Now that's what I call innovative!!!! Good job!!!


----------



## NightKnight (Dec 16, 2009)

A+ Slingshots said:


> Now that's what I call innovative!!!! Good job!!!


----------



## joseph_curwen (Feb 8, 2010)

I like it, good job


----------



## Bill Hays (Aug 9, 2010)

Good one, mate!


----------



## shot in the foot (Jan 3, 2010)

Cheers lads, ive been shreding cans all afternoon with it, jeff


----------



## Dayhiker (Mar 13, 2010)

That one's an individual alright, Jeff. Unique just like you!


----------



## Martin (Jan 17, 2010)

Nice one Jeff, I like it.
Martin.


----------



## Flatband (Dec 18, 2009)

Pretty sharp Jeff! Love the finger indentation and the swell! Flatband


----------



## huey224 (Apr 12, 2010)

it surly is fat but it looks good for a chubby slingshot and i love that finger groove!


----------



## NoSugarRob (Jun 3, 2010)

?


----------



## shot in the foot (Jan 3, 2010)

NoSugarRob said:


> is the palm swell to make it more comfy ?


Yes the palm swell makes it very comfy, and i find the grove better for me than a hole, anyone feel free to copy it ha ha, jeff


----------



## hawk2009 (Dec 30, 2009)

Really good job Jeff again very innovative well done mate.


----------



## whipcrackdeadbunny (May 22, 2010)

A slight name change, how about stubby? and I really like the little finger groove.


----------



## baumstamm (Jan 16, 2010)

nice!


----------



## Chuff (Dec 25, 2009)

Wow that's stunning!


----------



## Frodo (Dec 19, 2009)

Nice one. You are the man!


----------



## juliusjonzon (May 6, 2010)

Looking mighty fine good job! Fat Boy is actually a name fore a Classic Safety razor from gilette=) And now a great slingshot!


----------



## smitty (Dec 17, 2009)

Mighty fine slingshot/catapult ! Those varmints better watch out !


----------



## shot in the foot (Jan 3, 2010)

smitty said:


> Mighty fine slingshot/catapult ! Those varmints better watch out !

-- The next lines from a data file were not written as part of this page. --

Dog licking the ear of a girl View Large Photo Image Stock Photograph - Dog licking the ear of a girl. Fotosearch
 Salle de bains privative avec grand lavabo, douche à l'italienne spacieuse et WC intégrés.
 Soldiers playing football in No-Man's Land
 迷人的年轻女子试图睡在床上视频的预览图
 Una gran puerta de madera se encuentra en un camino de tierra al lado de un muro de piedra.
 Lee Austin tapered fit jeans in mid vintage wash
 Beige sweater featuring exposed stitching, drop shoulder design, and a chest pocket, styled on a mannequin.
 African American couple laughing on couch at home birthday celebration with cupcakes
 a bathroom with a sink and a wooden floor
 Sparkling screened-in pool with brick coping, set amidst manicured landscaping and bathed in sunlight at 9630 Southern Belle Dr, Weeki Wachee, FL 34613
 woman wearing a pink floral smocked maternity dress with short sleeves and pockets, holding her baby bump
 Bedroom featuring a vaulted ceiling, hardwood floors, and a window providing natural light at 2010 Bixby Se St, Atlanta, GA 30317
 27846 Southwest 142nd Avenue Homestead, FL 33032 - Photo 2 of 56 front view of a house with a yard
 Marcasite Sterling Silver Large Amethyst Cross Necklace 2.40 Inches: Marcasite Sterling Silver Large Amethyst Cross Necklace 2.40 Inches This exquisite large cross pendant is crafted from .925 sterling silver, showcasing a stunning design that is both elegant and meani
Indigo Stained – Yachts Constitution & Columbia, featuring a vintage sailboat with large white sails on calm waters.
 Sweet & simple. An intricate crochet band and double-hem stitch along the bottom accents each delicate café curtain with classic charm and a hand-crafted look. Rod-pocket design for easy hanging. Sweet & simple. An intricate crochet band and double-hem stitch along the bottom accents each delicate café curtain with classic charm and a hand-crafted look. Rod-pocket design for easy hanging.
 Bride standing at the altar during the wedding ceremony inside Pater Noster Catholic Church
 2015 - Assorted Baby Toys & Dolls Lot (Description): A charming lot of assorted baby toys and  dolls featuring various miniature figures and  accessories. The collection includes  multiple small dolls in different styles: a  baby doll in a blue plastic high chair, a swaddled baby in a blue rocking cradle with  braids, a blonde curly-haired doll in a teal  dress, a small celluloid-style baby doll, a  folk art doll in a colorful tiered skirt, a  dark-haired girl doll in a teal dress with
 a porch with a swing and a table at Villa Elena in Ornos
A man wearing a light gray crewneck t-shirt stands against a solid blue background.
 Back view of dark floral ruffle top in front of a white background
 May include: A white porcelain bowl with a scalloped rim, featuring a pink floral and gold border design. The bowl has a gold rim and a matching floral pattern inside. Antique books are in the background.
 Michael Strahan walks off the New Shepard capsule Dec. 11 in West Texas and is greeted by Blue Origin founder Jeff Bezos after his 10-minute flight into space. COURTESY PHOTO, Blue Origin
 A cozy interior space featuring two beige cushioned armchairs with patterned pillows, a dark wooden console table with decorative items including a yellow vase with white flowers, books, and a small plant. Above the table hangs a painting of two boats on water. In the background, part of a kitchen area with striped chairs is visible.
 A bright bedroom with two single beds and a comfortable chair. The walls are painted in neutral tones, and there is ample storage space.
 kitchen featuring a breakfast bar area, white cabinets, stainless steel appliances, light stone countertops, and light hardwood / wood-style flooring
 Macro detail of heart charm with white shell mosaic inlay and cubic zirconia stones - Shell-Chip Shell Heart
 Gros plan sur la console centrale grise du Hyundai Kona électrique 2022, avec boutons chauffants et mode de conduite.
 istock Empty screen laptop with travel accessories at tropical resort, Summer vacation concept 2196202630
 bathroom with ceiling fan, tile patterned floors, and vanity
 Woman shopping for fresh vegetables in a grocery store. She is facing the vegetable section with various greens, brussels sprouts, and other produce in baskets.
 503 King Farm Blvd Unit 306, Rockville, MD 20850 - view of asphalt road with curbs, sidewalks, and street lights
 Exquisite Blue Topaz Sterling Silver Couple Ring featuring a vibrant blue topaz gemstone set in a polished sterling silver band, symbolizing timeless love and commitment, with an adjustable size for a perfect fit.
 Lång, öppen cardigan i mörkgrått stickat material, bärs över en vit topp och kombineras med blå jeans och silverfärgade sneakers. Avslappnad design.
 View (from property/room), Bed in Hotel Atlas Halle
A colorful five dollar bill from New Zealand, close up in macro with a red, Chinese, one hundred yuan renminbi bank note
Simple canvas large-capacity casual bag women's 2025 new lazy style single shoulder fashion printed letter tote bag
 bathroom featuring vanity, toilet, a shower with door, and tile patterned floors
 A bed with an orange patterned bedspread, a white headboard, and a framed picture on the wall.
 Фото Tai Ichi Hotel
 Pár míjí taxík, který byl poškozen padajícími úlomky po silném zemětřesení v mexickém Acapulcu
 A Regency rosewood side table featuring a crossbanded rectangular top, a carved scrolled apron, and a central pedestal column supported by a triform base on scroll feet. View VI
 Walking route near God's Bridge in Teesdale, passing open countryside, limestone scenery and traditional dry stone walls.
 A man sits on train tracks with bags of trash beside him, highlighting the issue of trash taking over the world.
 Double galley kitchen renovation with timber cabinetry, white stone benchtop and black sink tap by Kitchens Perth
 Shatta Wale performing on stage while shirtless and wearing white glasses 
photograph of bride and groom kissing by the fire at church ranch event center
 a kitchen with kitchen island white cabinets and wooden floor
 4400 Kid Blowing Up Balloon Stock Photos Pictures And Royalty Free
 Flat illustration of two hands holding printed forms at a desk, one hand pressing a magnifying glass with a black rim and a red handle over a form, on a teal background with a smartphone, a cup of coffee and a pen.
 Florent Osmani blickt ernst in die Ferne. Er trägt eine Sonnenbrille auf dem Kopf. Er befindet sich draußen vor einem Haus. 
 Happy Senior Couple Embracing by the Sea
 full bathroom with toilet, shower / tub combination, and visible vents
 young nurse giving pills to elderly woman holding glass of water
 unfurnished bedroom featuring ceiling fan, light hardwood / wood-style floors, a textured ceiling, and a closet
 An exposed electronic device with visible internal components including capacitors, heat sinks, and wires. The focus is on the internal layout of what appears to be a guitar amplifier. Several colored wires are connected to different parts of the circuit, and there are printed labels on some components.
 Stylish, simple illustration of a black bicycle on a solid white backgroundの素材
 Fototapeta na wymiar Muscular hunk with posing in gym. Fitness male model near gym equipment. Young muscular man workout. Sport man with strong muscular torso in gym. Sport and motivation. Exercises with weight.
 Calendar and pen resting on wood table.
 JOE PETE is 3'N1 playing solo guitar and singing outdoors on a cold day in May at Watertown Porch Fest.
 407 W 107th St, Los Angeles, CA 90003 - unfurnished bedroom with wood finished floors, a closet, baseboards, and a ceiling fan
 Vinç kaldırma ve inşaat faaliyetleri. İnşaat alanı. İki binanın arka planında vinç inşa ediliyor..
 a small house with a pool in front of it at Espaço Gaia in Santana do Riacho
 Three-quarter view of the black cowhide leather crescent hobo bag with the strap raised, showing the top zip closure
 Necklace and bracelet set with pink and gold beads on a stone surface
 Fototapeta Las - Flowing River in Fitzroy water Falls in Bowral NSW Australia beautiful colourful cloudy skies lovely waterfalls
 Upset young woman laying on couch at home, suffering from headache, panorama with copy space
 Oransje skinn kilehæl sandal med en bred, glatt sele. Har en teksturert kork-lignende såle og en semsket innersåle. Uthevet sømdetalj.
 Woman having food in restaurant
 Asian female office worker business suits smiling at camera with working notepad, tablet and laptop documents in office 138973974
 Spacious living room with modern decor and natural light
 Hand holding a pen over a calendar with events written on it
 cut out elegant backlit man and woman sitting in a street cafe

I dont own it now, my grandson came to mine yesterday and put his claim on it ha ha, mite make myself a new one next week, my grandson has more than me now, jeff


----------



## smitty (Dec 17, 2009)

Does he ever go on the hunt with you? That seems like it would be a great experience, from hunt to dinner table.


----------



## shot in the foot (Jan 3, 2010)

smitty said:


> Does he ever go on the hunt with you? That seems like it would be a great experience, from hunt to dinner table.


He has been once, wasnt too keen, cos he breeds rabbits ha ha, he does like fishing though, jeff


----------